Speech-To-Text (Online)
This page demonstrates how to obtain a transcription of speech contained in an audio file using our Speech-To-Text (STT) Web Service.
The Cloud Recognition v1 is officially released and is generally available from the https://api.soapboxlabs.com/v1/speech/recognition
endpoint.
Getting Started
Best Practices
Make sure to review the documentation around Audio Encoding and Best Practices.
Data Privacy
Review our Data Privacy resources
RESTful Web Services
Review the SoapBox Cloud Web Service documentation to familiarize yourself with the concepts involved.
Speech-To-Text Concepts
Familiarize yourself with the concepts of Speech-To-Text.
Custom Language Model (CLM)
You will need a CLM to use our Fluency service. More information is available in Understanding CLMs.
Interaction Method
Choose an interaction method here. Asynchronous requests are priced differently to synchronous requests. Please contact us for more information.
Authentication
Review the Web Service Authentication documentation.
Sending a Cloud STT Request
Once authenticated, STT requests should be sent via HTTPS to:
The following CURL example interacts with the Recognition API in an asynchronous manner.

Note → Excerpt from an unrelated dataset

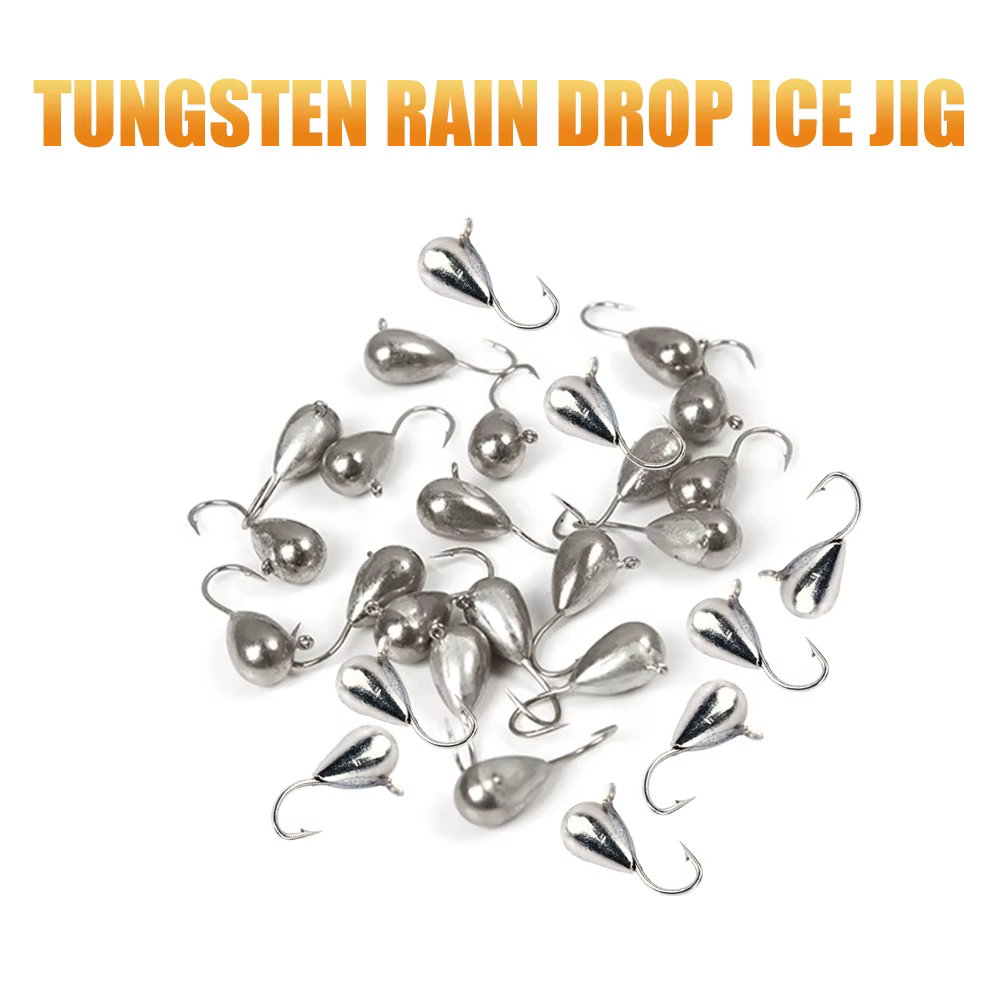 Plantilla tungsteno anzuelo japonés para pesca en hielo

Requests should be sent to this endpoint via an HTTPS POST request. The following parameters should be specified for a successful response:
Name | Type | Description |
---|---|---|
x-app-key | header | For test purposes. The App Key to use to authenticate with the Web Service |
file | field | The audio file to be analyzed |
user_token | field | A unique id that represents the speaker in the audio file. This should be a non-human readable alphanumeric identifier (such as a UUID) that has meaning to you but not SoapBox Labs. This token can be used to request deletion of a specific user's data in line with our Data Privacy commitments. |
model_id | field | The alphanumeric ID of the CLM that represents your custom domain. Please refer to the section on CLM for further detail. |
Example CURL Request
Using the app_key and model_id above, you can send requests to the STT Web Service. There are various tools and technologies available to accomplish this. One such tool is “CURL”, which is widely available on Mac and Linux and is also available on Windows. CURL allows you to send HTTP requests and display the response.

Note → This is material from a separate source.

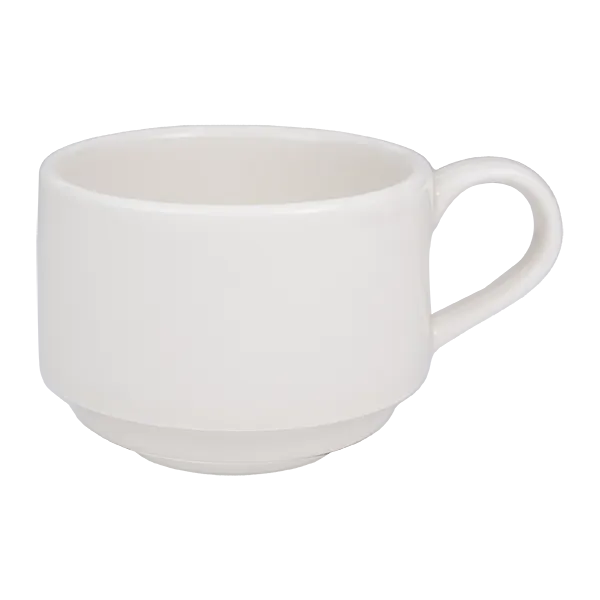 RAK Porcelain YOSC30 - Stackable 10.5 oz Cup, 3.77" Diameter, White Porcelain, SVS Finish - 12/Case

The following are sample CURL commands that can be used to submit an audio file to the STT endpoint asynchronously. It contains app_key, model_id and file parameters and should be run from the same directory as the audio file.
Step 1 - Submit Request (POST)
curl -X POST \ -H "x-app-key:$APP_KEY" \ -F "file=@$AUDIO_FILE" \ -F "user_token=$USER_TOKEN" \ -F "model_id=$MODEL_ID" \ https://api.soapboxlabs.com/v1/async/request/speech/recognition
If successful this will return a JSON response similar to the following…
{ "id":"abc123", "status_uri":"https://api.northeurope.prod.nostromo.soapboxlabs.com/v1/async/results/abc123" }
The status_uri url will differ based on your region
Step 2 - Retrieve Result (GET)
Extract the value of the “status_uri” field and use this to retrieve the result. You should wait a sufficient amount of time before retrieving the result. If the result is not yet available you will receive a HTTP 404 status code. If you encounter a HTTP 404 you should wait a period of time before retrying. The result retrieval URL will change depending on where the request is sent from.
curl https://api.northeurope.prod.nostromo.soapboxlabs.com/v1/async/results/abc123
STT API Response Structure
If the request was successful, the STT Web Service will return a JSON response containing the STT analysis. At the root of the results object are the following fields:
user_id | The user_id specified in the request. |
---|---|
language_code | The language contained in the audio file being analysed. |
result_id | A unique identifier for the request |
time | The UTC time the request was processed at. |
results | The nbest list of results from the speech recognizer. See results for further details. |
audio_duration | The duration of the audio file in seconds. |
num_alternatives | The nbest list of likely alternatives from the speech recogniser. (currently set to 1) |
The following is an example of the JSON structure you can expect from STT.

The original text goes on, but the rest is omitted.